Path: news.easynews.com!easynews!news-out.visi.com!hermes.visi.com!eusc.inter.net!Informatik.Uni-Dortmund.DE!not-for-mail
From: Kai.Grossjohann@CS.Uni-Dortmund.DE (Kai
 =?iso-8859-15?q?Gro=DFjohann?=)
Newsgroups: comp.databases.theory
Subject: Re: Approximate structural search in trees
Date: Sun, 07 Jul 2002 18:55:03 +0200
Organization: University of Dortmund, Germany
Lines: 53
Message-ID: <vafbs9j8om0.fsf@lucy.cs.uni-dortmund.de>
References: <vaflm8q2jkp.fsf@lucy.cs.uni-dortmund.de> <3d265250.42819411@news.verizon.net>
NNTP-Posting-Host: lucy.cs.uni-dortmund.de
Mime-Version: 1.0
Content-Type: text/plain; charset=us-ascii
Mail-Copies-To: never
User-Agent: Gnus/5.090007 (Oort Gnus v0.07) Emacs/21.3.50
 (i686-pc-linux-gnu)
Cancel-Lock: sha1:5/M/FGG7e2Z20cJQ3MV7IeMPfEY=
Xref: easynews comp.databases.theory:21659
X-Received-Date: Sun, 07 Jul 2002 10:01:23 MST (news.easynews.com)

JXSternChangeX2R@gte.net (JRStern) writes:

> On Fri, 05 Jul 2002 19:03:34 +0200, Kai.Grossjohann@CS.Uni-Dortmund.DE
> (Kai =?iso-8859-15?q?Gro=DFjohann?=) wrote:
>>As an example, suppose the query is looking for a node labeled A
>>which has a sibling labeled B.  Now suppose there is no tree which
>>has this, but there is a tree where a node labeled A has a cousin
>>labeled B.  Then I'd like the query to find this tree.
> ...
>
> I don't have any handy literature pointers, but I'll pay you a
> cyber-nickel if you can give a few details on just what any of this
> buys in applications terms.

Well, the application I have in mind is to search XML documents.  Now
one common query will be, I guess, for documents from a specific
author.  In my query language (derived from XPath) this looks like

    /article[author sounds_like "smith"]

For testing, we bought CD-ROMs from the IEEE Computer Society (with
the fulltext articles from 1995 to 1997, in XML format).  Some
articles have an element "fm" (presumably, front matter) in there, so
that the correct query would have to be

    /article[fm/author sounds_like "smith"]

Some articles use `bm' (body matter?) to surround the text of the
article, other articles use `bdy' (body?).

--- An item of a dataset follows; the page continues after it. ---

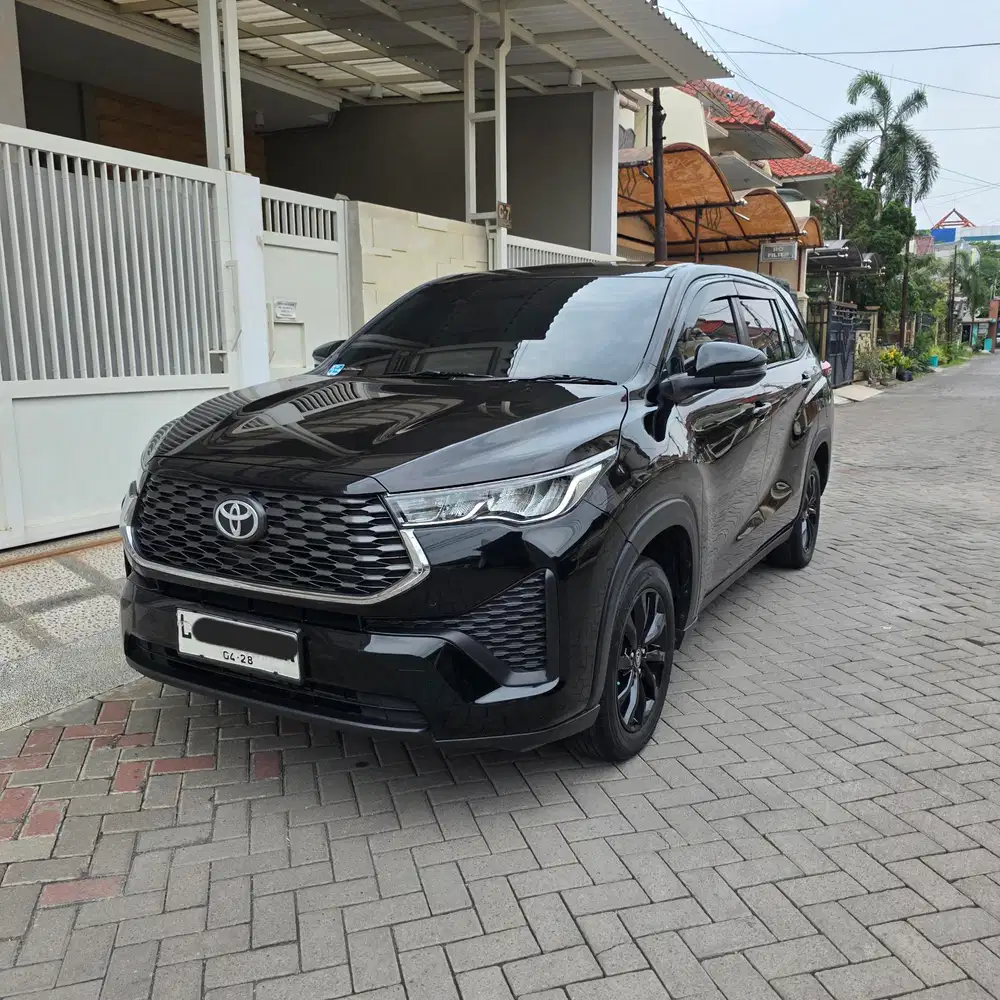 Toyota Innova Zenix V RSE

On the one hand, you could require users to know all about the
structure.  But on the other hand, the average length of a path from
the root node to a text node (leaf) in the tree is 5 or 6 in these
documents.  So the potential for the user to make mistakes is quite
big.

> Would it not be likely that the scoring metric in comparison would
> have something to do with the semantics of the application, as well as
> the tree/syntax?

Yes, indeed.  In this application, the presence/absence of the `fm'
element doesn't make much difference, but surely there are other
applications where an element named `fm' is more important.

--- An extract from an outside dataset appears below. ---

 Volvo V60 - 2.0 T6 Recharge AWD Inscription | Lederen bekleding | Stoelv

So maybe deleting a node labeled A has a different effect on scoring
than deleting a node labeled B.  But I'm at an earlier stage: I want
to know which kinds of trees are similar in general, and how do I
compute the similarity between a query and a tree if the query does
not precisely match the tree structure?

kai
-- 
A large number of young women don't trust men with beards.  (BFBS Radio)